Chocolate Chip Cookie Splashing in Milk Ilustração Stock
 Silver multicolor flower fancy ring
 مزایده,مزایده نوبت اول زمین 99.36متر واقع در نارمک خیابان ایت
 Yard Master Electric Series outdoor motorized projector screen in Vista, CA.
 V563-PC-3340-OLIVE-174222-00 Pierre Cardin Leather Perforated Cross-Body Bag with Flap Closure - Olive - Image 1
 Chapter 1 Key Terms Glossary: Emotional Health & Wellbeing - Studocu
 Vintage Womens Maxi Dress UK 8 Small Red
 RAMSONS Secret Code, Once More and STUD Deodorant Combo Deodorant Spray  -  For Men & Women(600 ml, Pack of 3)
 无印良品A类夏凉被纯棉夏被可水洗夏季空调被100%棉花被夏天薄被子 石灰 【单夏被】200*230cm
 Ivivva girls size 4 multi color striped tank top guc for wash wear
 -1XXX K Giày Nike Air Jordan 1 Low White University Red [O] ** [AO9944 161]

[TASK DESCRIPTION] Precisely the line with "无印良品A类夏凉被纯棉夏被可水洗夏季空调被100%棉花被夏天薄被子 石灰 【单夏被】200*230cm" and the lines after it, up to the last line of the entries above, are to be reproduced, and nothing more.

[RESULT FOR THIS TASK]
 无印良品A类夏凉被纯棉夏被可水洗夏季空调被100%棉花被夏天薄被子 石灰 【单夏被】200*230cm
 Ivivva girls size 4 multi color striped tank top guc for wash wear
 -1XXX K Giày Nike Air Jordan 1 Low White University Red [O] ** [AO9944 161]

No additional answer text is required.